Le siège d’Héricourt commence aussitôt. La brèche dans les solides remparts ne s’ouvre que très lentement sous les coups de l’artillerie alliée. La saison est rigoureuse et les Suisses manquent de vivres. Les Alliés vont donner l’assaut lorsque qu’arrive Henri de Neufchâtel-Bourgogne avec cinq mille combattants. Le Comte Jacques de Savoie ami intime de Charles le Téméraire et gouverneur de Franche-Comté ne tarde pas à le rejoindre avec huit mille fantassins et douze mille cavaliers.

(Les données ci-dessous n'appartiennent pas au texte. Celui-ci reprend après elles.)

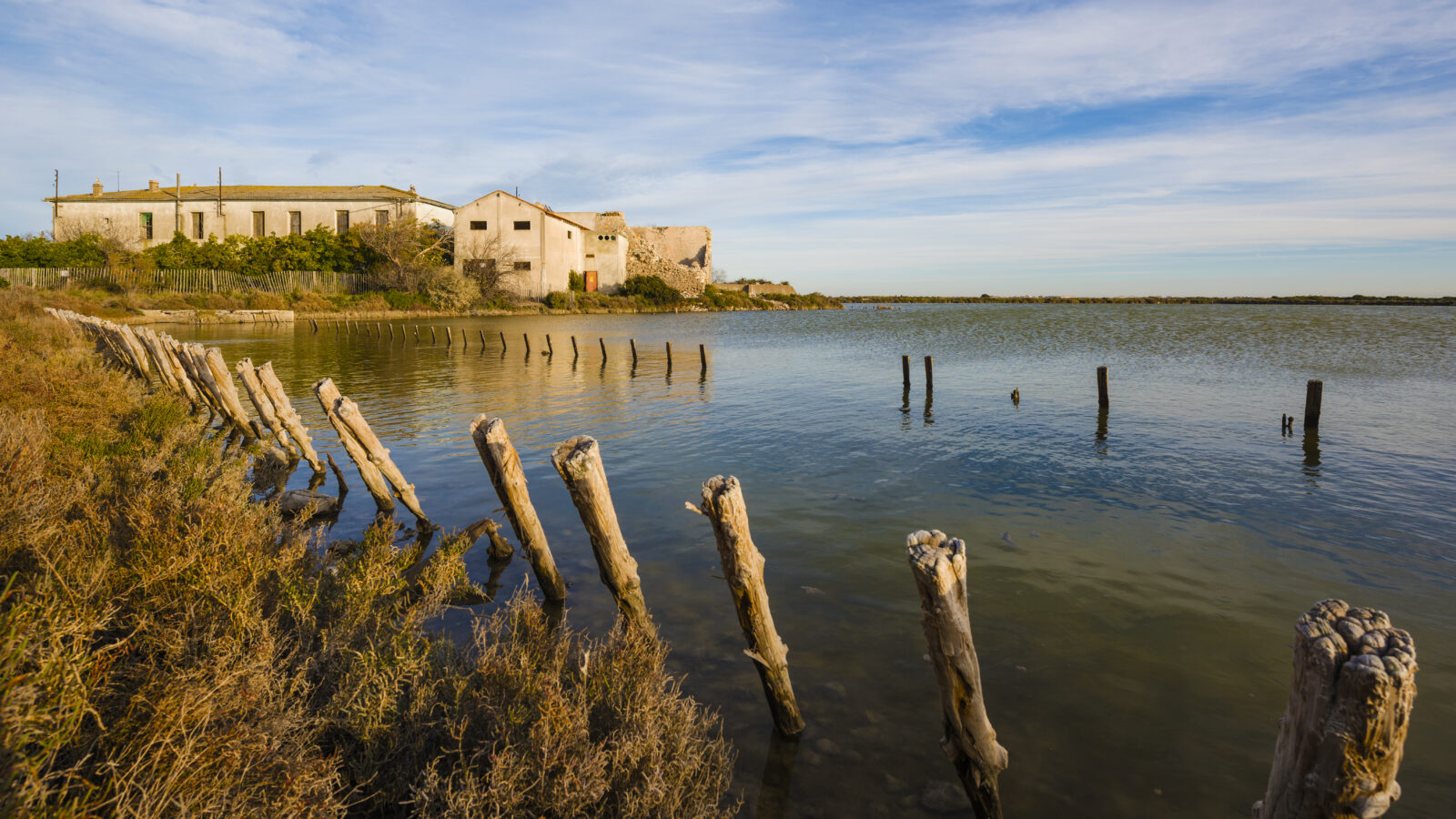 The Factory Becomes the Constraint: Where AI and Sensors Actually Matter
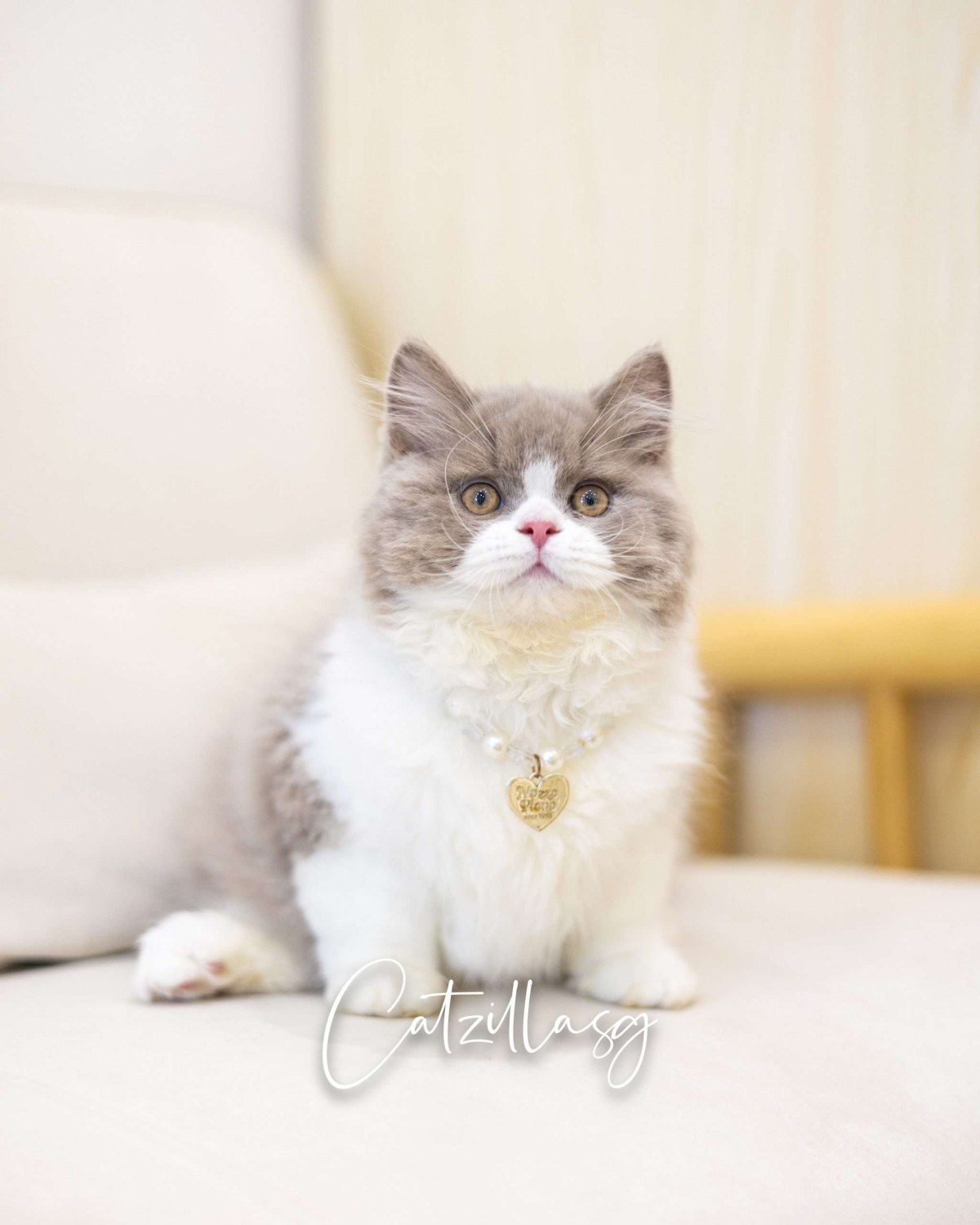 Bi-colour British Shorthair kitten for sale in Singapore — CatzillaSG champion-bloodline cattery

L’ordre de bataille des Alliés est le suivant : les Alsaciens sont laissés à la garde du camp afin de repousser les éventuelles sorties de la garnison d’Héricourt. Les Suisses armés de leurs longues piques s’avancent en bon ordre vers l’ennemi. les Autrichiens formant la cavalerie se tiennent en réserve derrière eux. Les Suisses attaquent et leur choc est terrible. Les Bourguignons sont de vaillants soldats mais ils n’ont encore rien vu de comparable à cet élan furieux de leurs adversaires. Leurs cris épouvantables, leur ardeur à s’exciter mutuellement, à se surpasser les uns les autres, cette impétuosité irrésistible eurent bientôt jeté l’effroi parmi l’armée de Jacques de Savoie. Son infanterie est rompue. La cavalerie essaie de l’appuyer et d’arrêter la marche des Suisses mais les longues piques de ces derniers empêchent ses chevaux d’approcher.

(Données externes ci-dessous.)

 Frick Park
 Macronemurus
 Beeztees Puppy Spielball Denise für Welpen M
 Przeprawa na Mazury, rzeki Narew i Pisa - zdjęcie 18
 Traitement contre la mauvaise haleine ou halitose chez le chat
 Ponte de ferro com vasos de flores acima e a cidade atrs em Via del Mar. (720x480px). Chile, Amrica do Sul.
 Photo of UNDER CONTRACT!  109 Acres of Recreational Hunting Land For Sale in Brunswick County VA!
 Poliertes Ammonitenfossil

De plus le nombre des combattants semble augmenter à chaque instant et leur attaque devient encore plus vive. Le combat ne dure guère car le désordre et le désespoir gagnent les troupes bourguignonnes. Leur cavalerie ainsi que leur infanterie prennent la fuite. Alors les hommes d’armes autrichiens et souabes commencent à se lancer à la poursuite des fuyards. La cavalerie alliée n’éprouve aucune résistance et arrive jusqu’à Passavant. Les bagages et munitions trouvés sont pillés et le feu mis au village.
La défaite bourguignonne est complète et sanglante. Les pertes humaines bourguignonnes sont grandes : plus de deux mille hommes restèrent sur le champ de bataille ; des huit cents combattants venant de Faucogney qui passent pour être les plus vaillants de la Comté il n’en revient qu’un sur dix ! Cette première bataille et défaite bourguignonne de la Guerre de Bourgogne (1474-1477) se passe le treize novembre 1474. Il s’en suivra trois autres qui seront fatales à Charles le Téméraire et à son rêve de royaume bourguignon.
(1) Les Neufchâtel-Bourgogne sont une importante famille aristocratique comtoise dont la forteresse s’élève sur une colline du village de Neuchâtel – Urtière, village situé entre Vermondans et Dambelin dans le Doubs. Cette forteresse fut malheureusement rasée par ordre de Louis XIV après la conquête de la Franche-Comté.
(2) La seigneurie d’Héricourt ne devient montbéliardaise en 1561.